Without the images, reproduce each line of the material exactly.

▸ **ENTRIES SUPPLIED**:
★ ★ ★
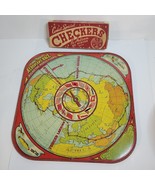 Tin Litho &quot;Aeroplane Race Round the World Fliers&quot; Board game Plus Checkers - $102.21 CAD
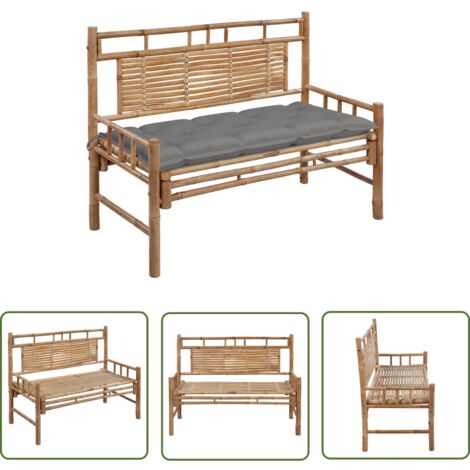 INLIFE Banc de jardin avec coussin 120 cm Bambou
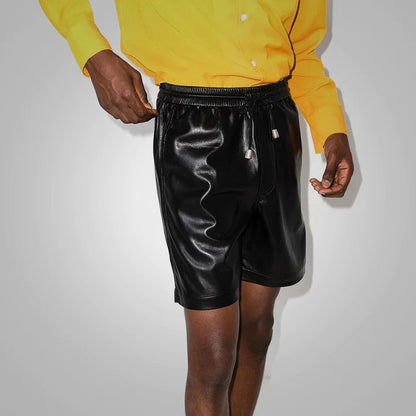 New Men's Black Lambskin Leather Shorts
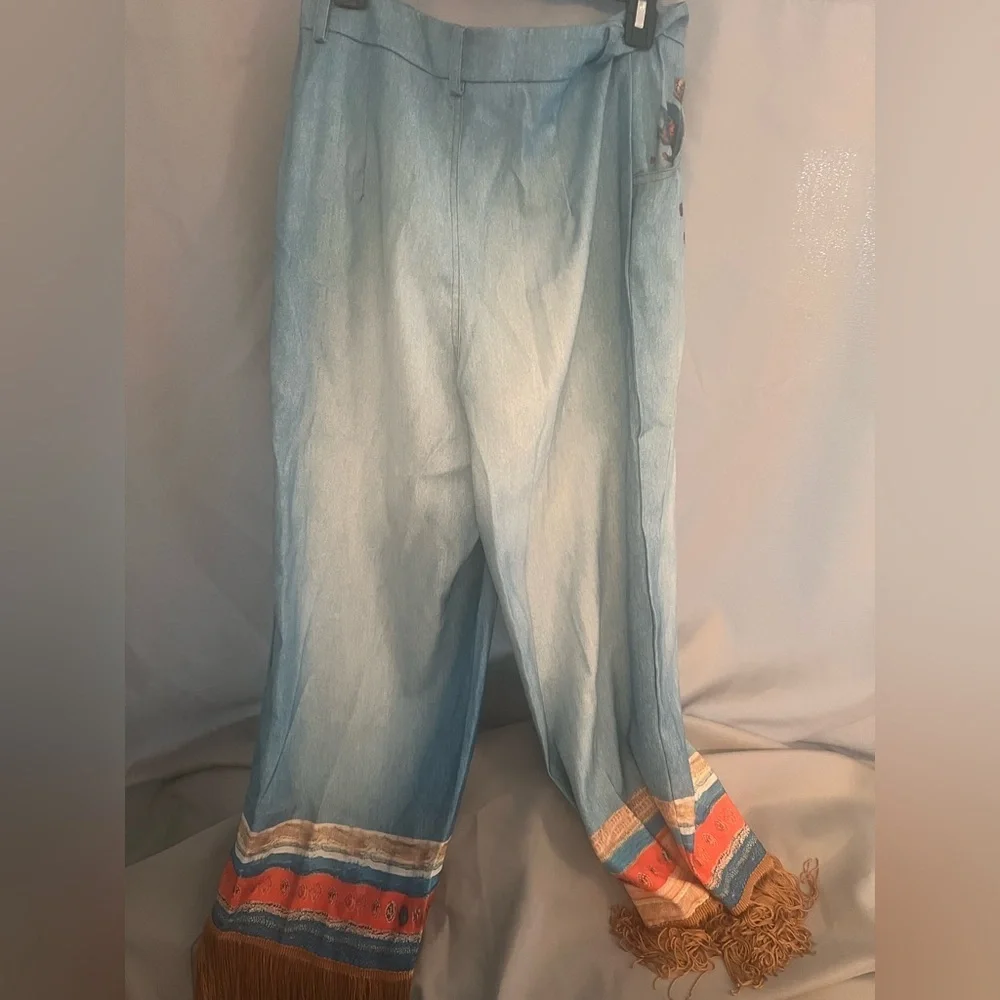 Faux Embroidered Wide Leg Faux Jeans with Fringe Hem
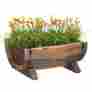 Qi003140 Unbranded Large Aged Looking Wooden Half Barrel Flower Planter Indoor Outdoor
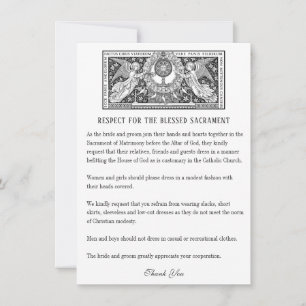 Pequeña Tarjeta de etiqueta del Boda católico
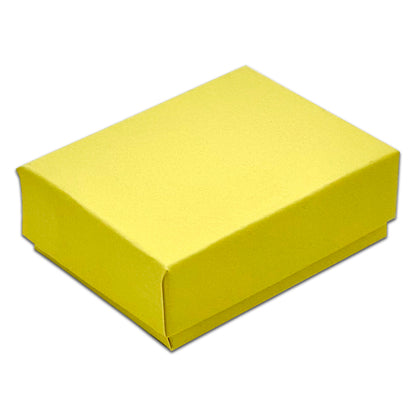 2 1/8" x 1 5/8" x 3/4" Mustard Yellow Cotton Filled Paper Box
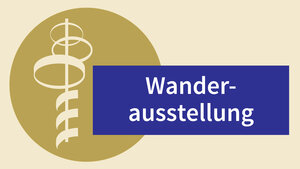 Blauer Kreis mit wei&szlig;er Grafik des Aussichtsturms und dem Schriftzug "Wanderausstellung"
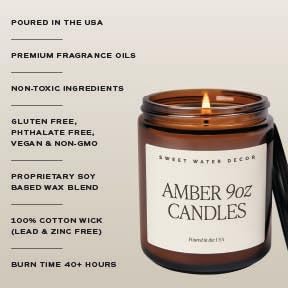 Sweet Water Decor Christmas Soy Candle | Apple Cider, Cinnamon, Clove, Fresh Cut Christmas Tree Scented Candles for Home | 9oz Amber Jar + Black Lid, 40+ Hour Burn Time, Made in The USA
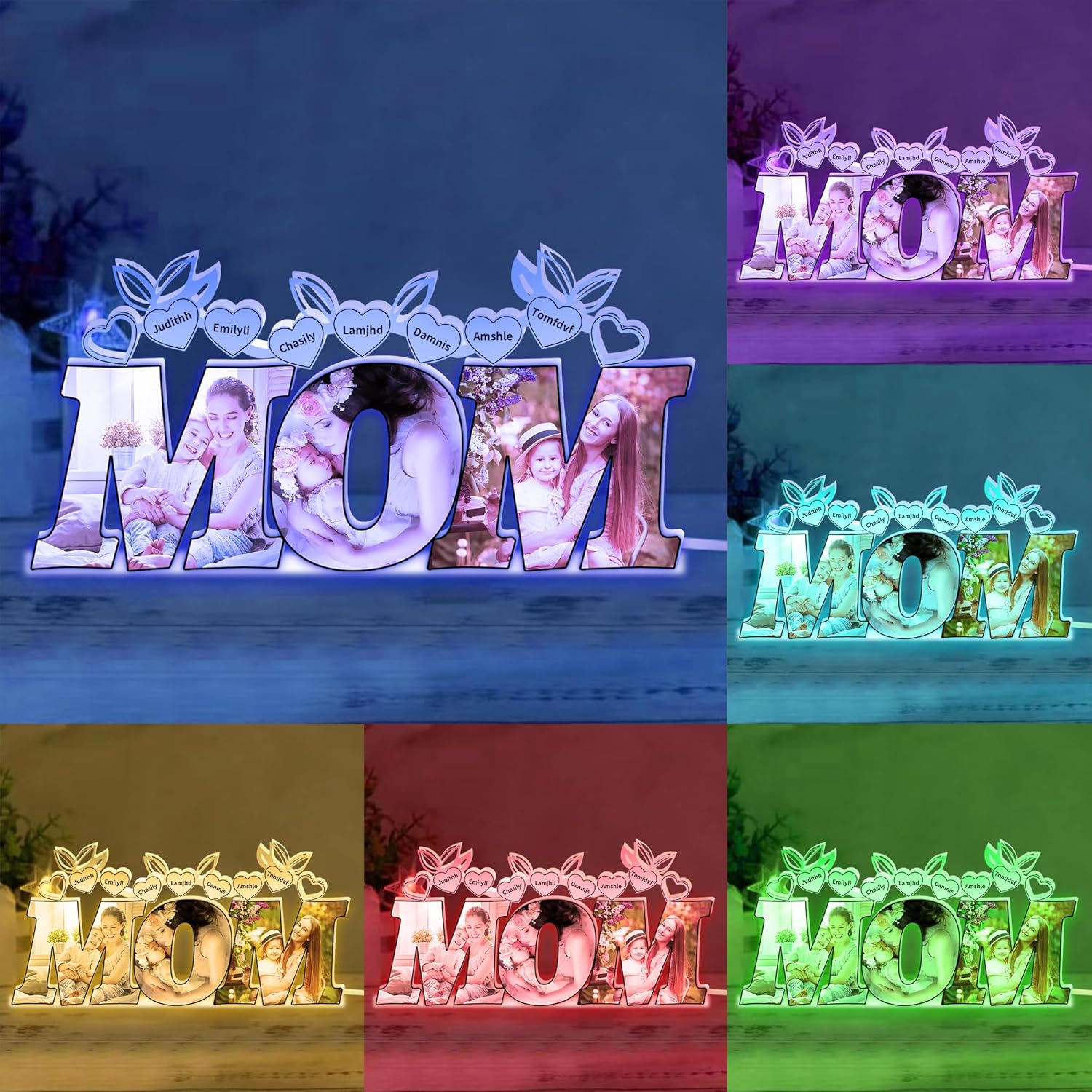 Personalized Photo and Name MOM Lamp Custom Picture Mama Acrylic Led Night Light, Mother's Day Photo Gifts for Mom from Daughter Son, Christmas Birthday Gifts for Mother Mama Wife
★ ★ ★
▸ **WRITTEN SOLUTION**:
 Tin Litho &quot;Aeroplane Race Round the World Fliers&quot; Board game Plus Checkers - $102.21 CAD
 INLIFE Banc de jardin avec coussin 120 cm Bambou
 New Men's Black Lambskin Leather Shorts
 Faux Embroidered Wide Leg Faux Jeans with Fringe Hem
 Qi003140 Unbranded Large Aged Looking Wooden Half Barrel Flower Planter Indoor Outdoor
 Pequeña Tarjeta de etiqueta del Boda católico
 2 1/8" x 1 5/8" x 3/4" Mustard Yellow Cotton Filled Paper Box
 Blauer Kreis mit wei&szlig;er Grafik des Aussichtsturms und dem Schriftzug "Wanderausstellung"
 Sweet Water Decor Christmas Soy Candle | Apple Cider, Cinnamon, Clove, Fresh Cut Christmas Tree Scented Candles for Home | 9oz Amber Jar + Black Lid, 40+ Hour Burn Time, Made in The USA
 Personalized Photo and Name MOM Lamp Custom Picture Mama Acrylic Led Night Light, Mother's Day Photo Gifts for Mom from Daughter Son, Christmas Birthday Gifts for Mother Mama Wife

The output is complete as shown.